**Your objective**
In the data below, find the line that contains "Load image into" and the line that contains "22 HWY, Savannah, TN 38372". Copy both, plus every line between them, exactly.

**Working data**

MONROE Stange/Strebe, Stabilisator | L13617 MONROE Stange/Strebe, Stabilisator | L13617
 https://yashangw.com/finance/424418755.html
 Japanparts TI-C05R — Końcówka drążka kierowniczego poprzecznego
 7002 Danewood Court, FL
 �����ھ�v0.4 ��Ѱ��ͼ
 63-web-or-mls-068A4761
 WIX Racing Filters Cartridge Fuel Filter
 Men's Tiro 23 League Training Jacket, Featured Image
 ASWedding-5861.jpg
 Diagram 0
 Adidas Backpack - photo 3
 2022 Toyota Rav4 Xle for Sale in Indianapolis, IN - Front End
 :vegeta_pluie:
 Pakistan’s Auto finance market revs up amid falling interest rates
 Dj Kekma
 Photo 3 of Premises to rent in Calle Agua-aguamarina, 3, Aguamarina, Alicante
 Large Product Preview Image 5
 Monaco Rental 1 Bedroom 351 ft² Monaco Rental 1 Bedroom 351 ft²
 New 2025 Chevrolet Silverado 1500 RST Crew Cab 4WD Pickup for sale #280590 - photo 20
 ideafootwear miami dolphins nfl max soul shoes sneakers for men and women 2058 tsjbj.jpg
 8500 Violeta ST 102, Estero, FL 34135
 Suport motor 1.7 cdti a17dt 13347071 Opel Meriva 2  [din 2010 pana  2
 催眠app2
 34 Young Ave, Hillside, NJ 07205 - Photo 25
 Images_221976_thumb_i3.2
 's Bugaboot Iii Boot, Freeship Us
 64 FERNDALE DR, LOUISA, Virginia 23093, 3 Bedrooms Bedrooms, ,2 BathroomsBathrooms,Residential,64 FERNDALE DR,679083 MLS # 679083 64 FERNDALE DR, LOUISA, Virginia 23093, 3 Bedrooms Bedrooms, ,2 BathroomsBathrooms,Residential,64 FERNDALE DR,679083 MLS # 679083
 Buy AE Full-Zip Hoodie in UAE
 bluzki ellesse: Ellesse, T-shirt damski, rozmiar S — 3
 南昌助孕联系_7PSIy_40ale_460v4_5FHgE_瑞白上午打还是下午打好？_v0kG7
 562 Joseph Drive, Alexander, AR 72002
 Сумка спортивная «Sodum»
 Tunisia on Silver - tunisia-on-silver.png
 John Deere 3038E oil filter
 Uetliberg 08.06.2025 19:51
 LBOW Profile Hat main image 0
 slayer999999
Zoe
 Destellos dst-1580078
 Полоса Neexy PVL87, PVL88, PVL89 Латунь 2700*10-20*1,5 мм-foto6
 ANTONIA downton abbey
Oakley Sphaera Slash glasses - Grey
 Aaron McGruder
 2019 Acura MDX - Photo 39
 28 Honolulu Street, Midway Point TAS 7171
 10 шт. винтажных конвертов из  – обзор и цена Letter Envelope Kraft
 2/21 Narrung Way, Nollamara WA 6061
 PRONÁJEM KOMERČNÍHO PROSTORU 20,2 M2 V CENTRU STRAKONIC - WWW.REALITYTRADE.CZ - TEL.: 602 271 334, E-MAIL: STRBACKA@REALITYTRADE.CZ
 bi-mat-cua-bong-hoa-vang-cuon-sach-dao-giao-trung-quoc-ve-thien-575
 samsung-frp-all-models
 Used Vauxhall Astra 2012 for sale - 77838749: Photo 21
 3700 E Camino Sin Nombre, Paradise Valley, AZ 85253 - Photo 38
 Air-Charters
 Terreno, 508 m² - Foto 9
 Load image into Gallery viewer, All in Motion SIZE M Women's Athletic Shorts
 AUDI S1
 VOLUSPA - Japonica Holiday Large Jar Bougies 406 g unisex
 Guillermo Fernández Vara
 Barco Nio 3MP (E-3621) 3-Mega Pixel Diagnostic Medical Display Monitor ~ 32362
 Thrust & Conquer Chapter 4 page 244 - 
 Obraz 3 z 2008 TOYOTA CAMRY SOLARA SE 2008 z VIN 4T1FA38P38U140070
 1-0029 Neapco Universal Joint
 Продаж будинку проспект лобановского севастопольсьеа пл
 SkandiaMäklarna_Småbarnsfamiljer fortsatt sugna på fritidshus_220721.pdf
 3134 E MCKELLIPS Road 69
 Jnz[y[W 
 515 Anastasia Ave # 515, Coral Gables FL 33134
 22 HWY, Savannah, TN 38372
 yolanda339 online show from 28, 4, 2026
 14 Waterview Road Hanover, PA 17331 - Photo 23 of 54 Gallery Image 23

**Result for this exercise**
 Load image into Gallery viewer, All in Motion SIZE M Women's Athletic Shorts
 AUDI S1
 VOLUSPA - Japonica Holiday Large Jar Bougies 406 g unisex
 Guillermo Fernández Vara
 Barco Nio 3MP (E-3621) 3-Mega Pixel Diagnostic Medical Display Monitor ~ 32362
 Thrust & Conquer Chapter 4 page 244 - 
 Obraz 3 z 2008 TOYOTA CAMRY SOLARA SE 2008 z VIN 4T1FA38P38U140070
 1-0029 Neapco Universal Joint
 Продаж будинку проспект лобановского севастопольсьеа пл
 SkandiaMäklarna_Småbarnsfamiljer fortsatt sugna på fritidshus_220721.pdf
 3134 E MCKELLIPS Road 69
 Jnz[y[W 
 515 Anastasia Ave # 515, Coral Gables FL 33134
 22 HWY, Savannah, TN 38372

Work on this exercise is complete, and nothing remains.